There are few Canadian vintage folk artists that can hold a candle to the consistent story telling, spot on harmonies and tight musicianship that define The Deep Dark Woods. Their last LP, Winter Hours, garnered well-deserved praise from publications on both sides of the border, and put the rest of the Canadian roots scene on notice. It also featured one of the best songs written in years.
The Place I Left Behind perfectly sums up the melancholic tales the band crafts, but it also marks huge changes for the band. The band moved from Black Hen to Six-Shooter, added the rich smoky tones of piano/organ man Geoff Hilhorst on a full-time basis and made the bold decision to produce the record on their own.
Anyone lucky enough to see the band in the last 18 months would know the band is scrappier and louder on stage than ever before, but instead of smoke The Place I Left Behind smolders. It’s a collection of slow-burners; a cohesive experience spiked by hints of R&B and rock (the guitar work on “Mary’s Gone” kills me) that plays to front man Ryan Boldt’s (and to be fair, the entire band) strengths. They make you sway, they make you want to hold someone close, and when they deliver that organ solo to close “I Just Can’t Lose” or captivate you with the title track’s gripping narrative, they transport you to some place special.
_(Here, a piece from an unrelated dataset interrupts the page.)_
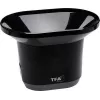 TFA Dostmann 30.3233.01 Sensor de chuva radiocontrolado, 433 MHz, 0-300 mm/h, resolução 0,1 mm, branco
The Deep Dark Woods is a humble outfit that avoids the spotlight, but after people start to digest and embrace The Place I Left Behind, headlining folk and roots festivals seems like the only possible next step. The Place I Left Behind exceeds even the highest of expectations and remarkably pays tribute to the sound that defines our country’s musical heritage without sounding dated. There’s a sadness that runs throughout the 13-song affair but the uplifting harmonies and warm organ work act as the perfect counterpoint. Basically, it’s the type of record that ignores seasons and trends, for the simpler and much loftier ambition of timelessness.